Fast beta wavelet network-based feature extraction for image copy detection
Introduction
Nowadays, enormous amounts of images are being generated, stored, and shared by many groups all over the world including radiologists, journalists, librarians, photographers, historians, and even the public [1]. The illegal generation of images resulted from different sources; innovative multimedia products such as the evolution of digital storage devices, the availability of affordable digital cameras, applications and hardware image processing, as well as the expansion and the rapid growth of the Internet.
It is therefore necessary to develop efficient systems for image retrieval and understanding image seeking behavior. The field of Multimedia Information Retrieval aims to satisfy users' queries by finding the correct results. It can be classified into two approaches: Text-based searching which uses textual information (word or composition of words), and Content Based Retrieval (CBR) which is based on the multimedia content itself [2], [3]. As a part of CBR and more specifically CBIR (Content Based Image Retrieval), the field of image identification can be defined to provide the ownership of digital media and certifying whether an image has been modified from its socket. The credibility of the photographic identification evidence can be extremely important in a variety of situations (insurance companies, courts, news agencies, and so on). Therefore, many studies have been interested in this area, by detecting copies of digital media.

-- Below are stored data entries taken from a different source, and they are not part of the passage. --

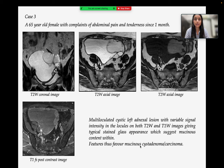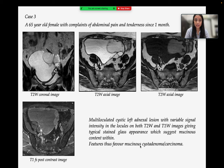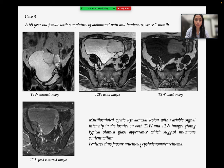Case 3 is a 65-year-old female with complaints of abdominal pain and tenderness since 1 month. Images show a multilocular cystic left adnexal lesion with variable signal intensity in the locules on both T2 and T1-weighted images, giving a typical stained glass appearance, which also suggests mucinous content within. Features favor mucinous cyst adenocarcinoma.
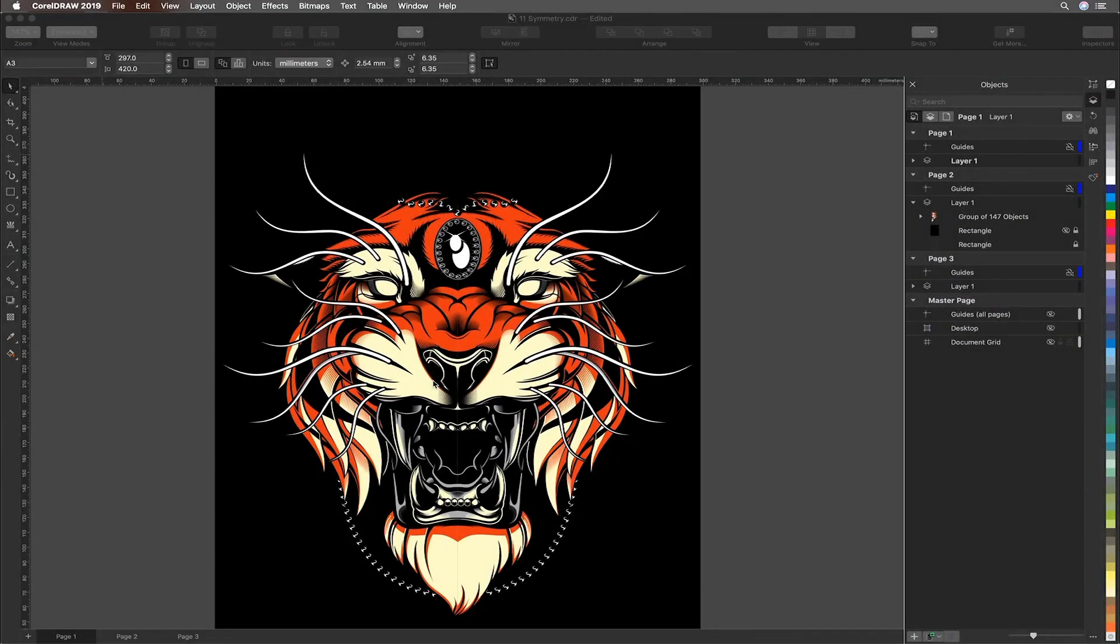Hello and welcome to this CorelDRAW Graphics Suite 2019 tutorial for Mac. In this tutorial we will explore the symmetry function, opening up great possibilities for Mac users.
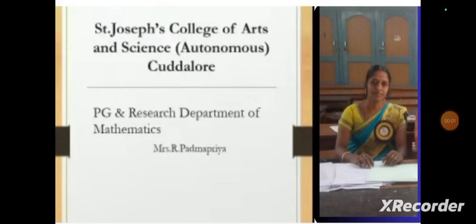Hi viewers, this is Dr. R. Bhatma Priya from St. Joseph College of Arts and Science, Kadalur, working as an assistant professor in the PG and Research Department of Mathematics.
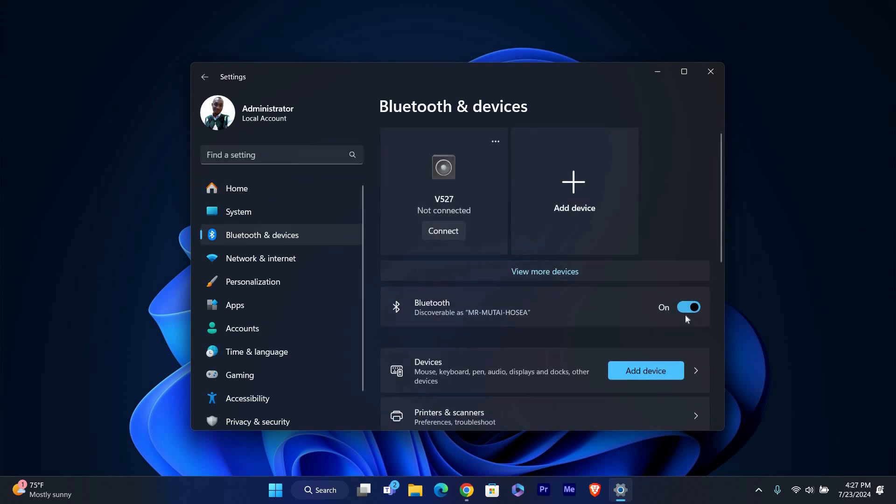You'll see a toggle switch for Bluetooth at the top. Make sure the switch is turned on. If it's off, click the switch to turn it on.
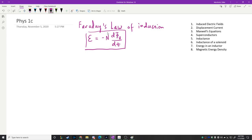Motion of magnets near coils produces current, and we already knew that electric current produces magnetic fields. Induced electric fields arise from this idea: if you can produce current in a wire due to the motion of a magnet, then within that wire there's probably an electric field. That electric field could be described as existing outside of the wire as well, even if there wasn't a wire there.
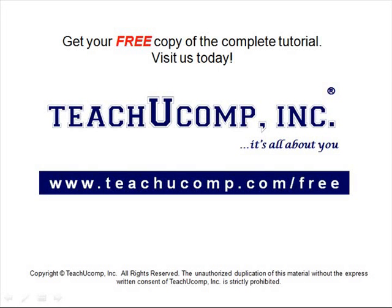Get your free copy of the complete tutorial at www.teachucomp.com/free.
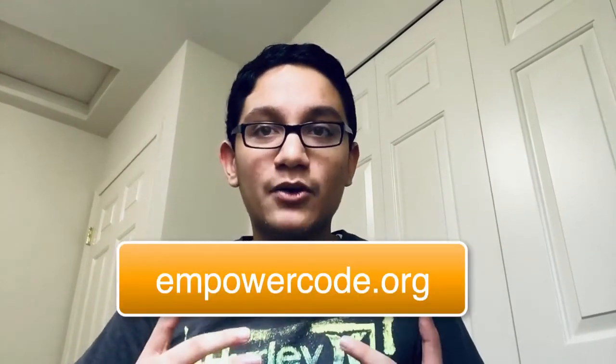Hello, my name is Rohak and I'm the founder of Empower Code, an initiative using technology and social activism to empower youth. If you want to learn more, feel free to visit our website at empowercode.org.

The techniques of image identification can be classified into two categories: active and passive methods. Active methods such as watermarking [4] depend on prior information (mark) about the image. However, in many situations, copies of the original content can be disseminated before the application of any marks. So, using passive methods will be required to authenticate the image, which is the focus of our work.
Recent content-based image copy detection (CBCD) methods do not depend on the presence of marks and are more robust in detecting image transformations. However, these methods have a higher computational cost. Our contribution in this paper aimed at reducing the computational algorithm complexity.
Many works, in the literature review addressed the problem of image copy detection. They can be classified into three classes namely spatial domain, frequency domain, and spatial–frequency domain.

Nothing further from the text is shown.